Problem statement: Output the opening lines of the records exactly. End with the line that contains "Locatie op kaart".

[[ Data supplied open ]]

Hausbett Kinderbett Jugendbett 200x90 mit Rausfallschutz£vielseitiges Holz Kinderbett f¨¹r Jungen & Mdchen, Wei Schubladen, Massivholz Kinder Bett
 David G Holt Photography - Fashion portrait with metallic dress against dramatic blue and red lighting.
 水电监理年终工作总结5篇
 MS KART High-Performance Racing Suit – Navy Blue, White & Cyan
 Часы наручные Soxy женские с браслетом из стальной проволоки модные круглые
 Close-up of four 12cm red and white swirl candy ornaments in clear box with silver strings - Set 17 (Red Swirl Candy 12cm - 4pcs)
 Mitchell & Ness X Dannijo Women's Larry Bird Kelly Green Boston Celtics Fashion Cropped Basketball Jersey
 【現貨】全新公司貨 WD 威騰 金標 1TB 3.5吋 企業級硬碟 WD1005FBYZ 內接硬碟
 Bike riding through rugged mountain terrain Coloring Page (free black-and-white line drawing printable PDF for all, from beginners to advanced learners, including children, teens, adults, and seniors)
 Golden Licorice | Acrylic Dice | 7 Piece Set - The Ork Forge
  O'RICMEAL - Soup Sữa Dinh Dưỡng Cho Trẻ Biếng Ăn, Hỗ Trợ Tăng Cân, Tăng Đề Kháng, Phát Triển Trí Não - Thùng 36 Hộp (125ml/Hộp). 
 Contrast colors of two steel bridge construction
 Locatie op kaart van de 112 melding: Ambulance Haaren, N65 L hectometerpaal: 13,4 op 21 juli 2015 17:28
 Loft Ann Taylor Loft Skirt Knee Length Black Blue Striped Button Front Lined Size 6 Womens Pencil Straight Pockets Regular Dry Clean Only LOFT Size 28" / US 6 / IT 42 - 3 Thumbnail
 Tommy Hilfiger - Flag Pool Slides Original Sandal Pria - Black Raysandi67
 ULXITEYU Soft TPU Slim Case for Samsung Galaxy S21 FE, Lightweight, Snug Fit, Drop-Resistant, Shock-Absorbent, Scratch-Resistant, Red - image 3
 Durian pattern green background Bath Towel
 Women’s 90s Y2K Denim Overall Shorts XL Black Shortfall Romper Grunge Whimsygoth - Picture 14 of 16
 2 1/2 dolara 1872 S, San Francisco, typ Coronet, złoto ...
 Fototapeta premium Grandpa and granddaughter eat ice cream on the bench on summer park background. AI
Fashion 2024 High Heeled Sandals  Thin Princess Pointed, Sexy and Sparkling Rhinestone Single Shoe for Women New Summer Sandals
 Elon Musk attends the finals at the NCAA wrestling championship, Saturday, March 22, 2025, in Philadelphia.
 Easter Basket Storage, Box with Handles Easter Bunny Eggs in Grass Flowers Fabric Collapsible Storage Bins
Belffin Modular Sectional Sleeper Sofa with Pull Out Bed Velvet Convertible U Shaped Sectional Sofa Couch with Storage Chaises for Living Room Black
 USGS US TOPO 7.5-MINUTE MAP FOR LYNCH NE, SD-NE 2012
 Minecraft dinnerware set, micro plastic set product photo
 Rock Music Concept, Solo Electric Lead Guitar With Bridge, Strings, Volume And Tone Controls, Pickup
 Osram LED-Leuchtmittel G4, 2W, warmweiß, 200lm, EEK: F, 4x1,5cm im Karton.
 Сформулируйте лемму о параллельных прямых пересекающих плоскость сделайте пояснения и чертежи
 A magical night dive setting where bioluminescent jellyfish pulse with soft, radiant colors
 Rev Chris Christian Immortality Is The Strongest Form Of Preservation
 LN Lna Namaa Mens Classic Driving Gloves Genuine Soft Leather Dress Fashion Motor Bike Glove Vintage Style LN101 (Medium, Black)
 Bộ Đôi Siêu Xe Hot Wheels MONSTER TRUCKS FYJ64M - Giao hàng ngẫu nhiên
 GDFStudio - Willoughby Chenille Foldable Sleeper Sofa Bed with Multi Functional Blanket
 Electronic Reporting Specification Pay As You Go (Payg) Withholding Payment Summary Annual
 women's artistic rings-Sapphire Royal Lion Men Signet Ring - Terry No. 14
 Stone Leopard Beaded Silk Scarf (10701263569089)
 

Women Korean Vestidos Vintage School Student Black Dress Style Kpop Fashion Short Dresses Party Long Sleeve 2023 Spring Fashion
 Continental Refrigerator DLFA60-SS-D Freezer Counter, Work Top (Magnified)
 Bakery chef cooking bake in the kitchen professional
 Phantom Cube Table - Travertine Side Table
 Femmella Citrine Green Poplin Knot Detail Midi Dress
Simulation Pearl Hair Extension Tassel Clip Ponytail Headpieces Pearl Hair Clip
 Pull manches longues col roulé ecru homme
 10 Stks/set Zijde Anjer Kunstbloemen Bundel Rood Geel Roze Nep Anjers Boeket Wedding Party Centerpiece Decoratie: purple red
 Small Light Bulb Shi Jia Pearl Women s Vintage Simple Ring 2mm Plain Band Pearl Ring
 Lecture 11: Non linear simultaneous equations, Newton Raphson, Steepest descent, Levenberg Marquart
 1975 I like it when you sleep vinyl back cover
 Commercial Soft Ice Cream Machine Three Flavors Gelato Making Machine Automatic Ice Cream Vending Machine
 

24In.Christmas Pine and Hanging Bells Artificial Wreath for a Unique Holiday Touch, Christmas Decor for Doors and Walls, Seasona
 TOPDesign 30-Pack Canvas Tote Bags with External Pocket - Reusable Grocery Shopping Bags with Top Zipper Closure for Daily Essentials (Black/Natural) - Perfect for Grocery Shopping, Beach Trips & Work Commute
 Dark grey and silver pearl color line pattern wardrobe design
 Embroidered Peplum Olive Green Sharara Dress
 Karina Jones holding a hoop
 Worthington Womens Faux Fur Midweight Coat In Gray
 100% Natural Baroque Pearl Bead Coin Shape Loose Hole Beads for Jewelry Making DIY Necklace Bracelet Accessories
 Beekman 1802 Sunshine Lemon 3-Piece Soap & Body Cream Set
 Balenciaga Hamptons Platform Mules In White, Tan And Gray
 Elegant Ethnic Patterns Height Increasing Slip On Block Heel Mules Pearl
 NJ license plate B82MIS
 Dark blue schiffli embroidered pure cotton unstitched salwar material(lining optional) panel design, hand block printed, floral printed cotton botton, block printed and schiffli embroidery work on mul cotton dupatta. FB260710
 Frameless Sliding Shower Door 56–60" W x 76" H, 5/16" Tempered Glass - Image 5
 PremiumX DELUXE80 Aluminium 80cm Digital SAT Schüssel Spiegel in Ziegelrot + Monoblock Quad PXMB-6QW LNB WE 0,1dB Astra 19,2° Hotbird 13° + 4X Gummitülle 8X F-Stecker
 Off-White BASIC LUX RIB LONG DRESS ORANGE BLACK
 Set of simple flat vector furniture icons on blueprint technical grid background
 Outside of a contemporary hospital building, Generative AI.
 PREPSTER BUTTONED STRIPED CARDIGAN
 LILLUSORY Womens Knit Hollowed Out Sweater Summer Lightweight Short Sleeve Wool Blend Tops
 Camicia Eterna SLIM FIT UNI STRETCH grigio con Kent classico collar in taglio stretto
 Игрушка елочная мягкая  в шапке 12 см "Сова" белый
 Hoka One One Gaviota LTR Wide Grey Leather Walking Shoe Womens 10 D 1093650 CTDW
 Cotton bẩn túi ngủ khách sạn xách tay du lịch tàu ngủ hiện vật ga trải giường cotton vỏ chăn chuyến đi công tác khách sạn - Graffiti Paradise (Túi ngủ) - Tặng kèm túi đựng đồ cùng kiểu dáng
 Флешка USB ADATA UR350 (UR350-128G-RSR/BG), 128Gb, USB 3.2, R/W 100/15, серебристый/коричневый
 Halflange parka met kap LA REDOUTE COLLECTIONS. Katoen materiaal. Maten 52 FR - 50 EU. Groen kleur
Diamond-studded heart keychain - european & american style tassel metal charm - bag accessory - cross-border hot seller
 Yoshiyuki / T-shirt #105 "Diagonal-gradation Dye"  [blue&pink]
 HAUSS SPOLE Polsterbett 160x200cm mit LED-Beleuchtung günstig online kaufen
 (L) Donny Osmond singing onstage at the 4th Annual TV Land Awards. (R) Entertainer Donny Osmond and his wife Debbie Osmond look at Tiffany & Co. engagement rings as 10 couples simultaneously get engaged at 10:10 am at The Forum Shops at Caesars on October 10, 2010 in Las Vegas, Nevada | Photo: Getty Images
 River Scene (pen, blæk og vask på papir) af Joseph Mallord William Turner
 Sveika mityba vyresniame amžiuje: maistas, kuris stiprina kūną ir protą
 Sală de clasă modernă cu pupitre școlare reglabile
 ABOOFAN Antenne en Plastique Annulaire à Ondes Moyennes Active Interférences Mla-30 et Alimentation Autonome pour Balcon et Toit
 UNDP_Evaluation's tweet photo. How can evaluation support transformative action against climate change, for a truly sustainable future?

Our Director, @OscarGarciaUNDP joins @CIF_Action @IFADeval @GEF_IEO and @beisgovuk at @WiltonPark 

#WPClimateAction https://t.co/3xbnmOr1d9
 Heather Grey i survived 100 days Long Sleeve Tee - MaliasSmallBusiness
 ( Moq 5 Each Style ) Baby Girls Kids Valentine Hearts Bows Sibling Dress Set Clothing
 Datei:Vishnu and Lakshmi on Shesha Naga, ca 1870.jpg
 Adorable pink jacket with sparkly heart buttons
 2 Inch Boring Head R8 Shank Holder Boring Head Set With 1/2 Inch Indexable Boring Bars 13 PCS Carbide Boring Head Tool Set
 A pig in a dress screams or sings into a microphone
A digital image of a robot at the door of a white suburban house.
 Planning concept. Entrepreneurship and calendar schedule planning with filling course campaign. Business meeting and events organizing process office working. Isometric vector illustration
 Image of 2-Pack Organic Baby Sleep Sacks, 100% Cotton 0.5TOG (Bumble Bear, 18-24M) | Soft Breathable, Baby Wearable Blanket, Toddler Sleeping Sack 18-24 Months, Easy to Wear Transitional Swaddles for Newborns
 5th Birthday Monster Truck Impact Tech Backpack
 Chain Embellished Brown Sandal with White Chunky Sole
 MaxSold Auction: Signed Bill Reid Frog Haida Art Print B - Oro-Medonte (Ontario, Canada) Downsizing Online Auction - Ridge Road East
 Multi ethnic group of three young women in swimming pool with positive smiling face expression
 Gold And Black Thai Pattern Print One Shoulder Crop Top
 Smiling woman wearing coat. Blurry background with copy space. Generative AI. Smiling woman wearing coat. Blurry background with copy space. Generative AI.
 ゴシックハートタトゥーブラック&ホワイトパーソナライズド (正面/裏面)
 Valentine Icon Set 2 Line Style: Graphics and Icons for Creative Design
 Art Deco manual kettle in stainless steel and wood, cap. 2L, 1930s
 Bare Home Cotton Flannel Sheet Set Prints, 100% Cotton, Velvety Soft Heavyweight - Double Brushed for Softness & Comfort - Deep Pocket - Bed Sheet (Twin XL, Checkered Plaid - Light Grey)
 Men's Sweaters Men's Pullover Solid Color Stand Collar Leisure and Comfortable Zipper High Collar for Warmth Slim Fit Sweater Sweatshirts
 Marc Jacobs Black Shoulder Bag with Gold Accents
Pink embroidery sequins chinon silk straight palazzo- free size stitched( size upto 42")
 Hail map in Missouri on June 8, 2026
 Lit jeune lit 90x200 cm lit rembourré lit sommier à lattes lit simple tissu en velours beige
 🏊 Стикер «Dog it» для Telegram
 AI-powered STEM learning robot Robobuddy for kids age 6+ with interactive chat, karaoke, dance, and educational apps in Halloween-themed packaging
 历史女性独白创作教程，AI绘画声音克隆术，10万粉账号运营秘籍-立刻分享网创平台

[[ Data supplied closed ]]

Result:
Hausbett Kinderbett Jugendbett 200x90 mit Rausfallschutz£vielseitiges Holz Kinderbett f¨¹r Jungen & Mdchen, Wei Schubladen, Massivholz Kinder Bett
 David G Holt Photography - Fashion portrait with metallic dress against dramatic blue and red lighting.
 水电监理年终工作总结5篇
 MS KART High-Performance Racing Suit – Navy Blue, White & Cyan
 Часы наручные Soxy женские с браслетом из стальной проволоки модные круглые
 Close-up of four 12cm red and white swirl candy ornaments in clear box with silver strings - Set 17 (Red Swirl Candy 12cm - 4pcs)
 Mitchell & Ness X Dannijo Women's Larry Bird Kelly Green Boston Celtics Fashion Cropped Basketball Jersey
 【現貨】全新公司貨 WD 威騰 金標 1TB 3.5吋 企業級硬碟 WD1005FBYZ 內接硬碟
 Bike riding through rugged mountain terrain Coloring Page (free black-and-white line drawing printable PDF for all, from beginners to advanced learners, including children, teens, adults, and seniors)
 Golden Licorice | Acrylic Dice | 7 Piece Set - The Ork Forge
  O'RICMEAL - Soup Sữa Dinh Dưỡng Cho Trẻ Biếng Ăn, Hỗ Trợ Tăng Cân, Tăng Đề Kháng, Phát Triển Trí Não - Thùng 36 Hộp (125ml/Hộp). 
 Contrast colors of two steel bridge construction
 Locatie op kaart van de 112 melding: Ambulance Haaren, N65 L hectometerpaal: 13,4 op 21 juli 2015 17:28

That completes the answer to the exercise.